Example 3 Coating of Further Support Surfaces

10×10 cm pieces of a teatowel (90% cotton, 10% linen) A, a cotton glove B, cellulose cloths (Zewa®) C, bandaging waste (viscose) D and Basotect E (melamine resin foam) were treated in the same way as the filter paper in example 2. The mass taken up after spraying and drying was 770-500 mg. After washing of the samples A to D with water and subsequent drying at room temperature, coatings of 440-580 mg were obtained. This corresponds to from 4.4 to 5.8 g/m². Analysis of all samples displayed, in addition to the signals of the respective material, a peak at 10° (2-theta), which can be assigned to the aluminum-fumarate MOF. The surface areas of the treated materials were 17-22 m²/g LSA.

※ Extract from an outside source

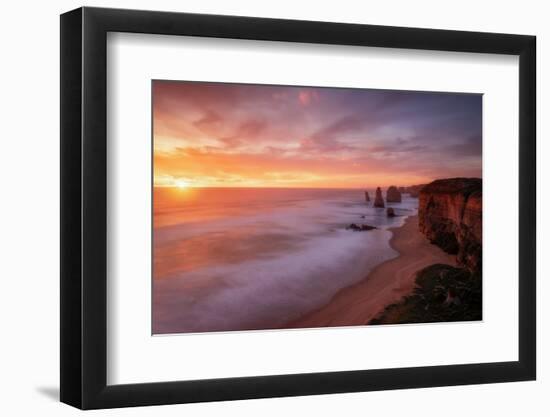 twelve-apostles-9-Lincoln Harrison-Framed Photo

One skilled in the art will recognize that various modifications and variations can be made to the present invention without departing from the spirit or scope of the invention. It is also noted that these materials can be synthesized using a range of temperatures and reaction times. Thus, it is intended that the present invention cover modifications and variations of this invention provided they come within the scope of the appended claims and their equivalents.

Claims (10)

What is claimed is:

1. A process for coating at least part of a surface of a support with a porous metal-organic framework comprising at least one at least bidentate organic compound coordinated to at least one metal ion, which process comprises the steps:

(a) spraying of the at least one part of the support surface with a first solution comprising the at least one metal ion;

(b) spraying of the at least one part of the support surface with a second solution comprising the at least one at least bidentate organic compound,

wherein step (b) is carried out before, after or simultaneously with step (a), to form a layer of the porous metal-organic framework.

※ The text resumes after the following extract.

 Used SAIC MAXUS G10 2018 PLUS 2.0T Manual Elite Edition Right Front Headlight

2. The process according to claim 1, wherein the layer is dried.

3. The process according to claim 2, wherein the layer is dried at at least 150° C.

4. The process according to claim 1, wherein the spraying with the first, the second or with both solutions is carried out in a spraying drum.

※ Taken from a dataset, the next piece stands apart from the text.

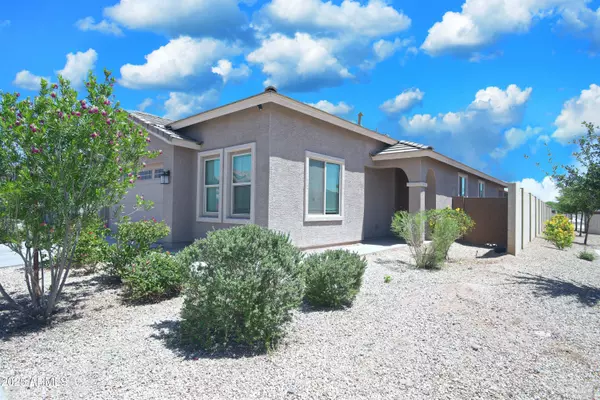 Phoenix, AZ 85043,6349 W RAYMOND Street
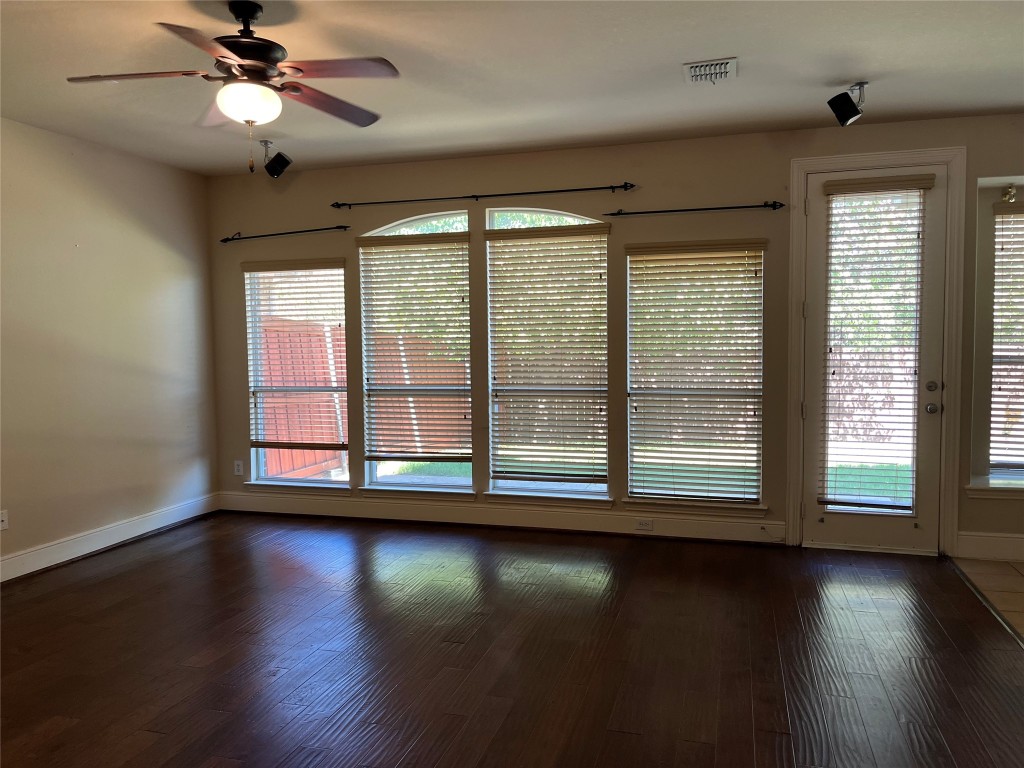 1343 Valley Vista Drive Irving TX 75063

5. The process according to claim 1, wherein the first, the second or both solutions are at room temperature.

6. The process according to claim 1, wherein the first, the second or both solutions are aqueous solutions.

7. The process according to claim 1, wherein the support surface is a fibrous or foam surface.

8. The process according to claim 1, wherein the at least one metal ion is selected from the group of metals consisting of Mg, Ca, Al and Zn.

9. The process according to claim 1, wherein the at least one at least bidentate organic compound is derived from a dicarboxylic, tricarboxylic or tetracarboxylic acid.

10. The process according to claim 1, wherein the layer of the porous metal-organic framework has a mass in the range from 0.1 g/m² to 100 g/m².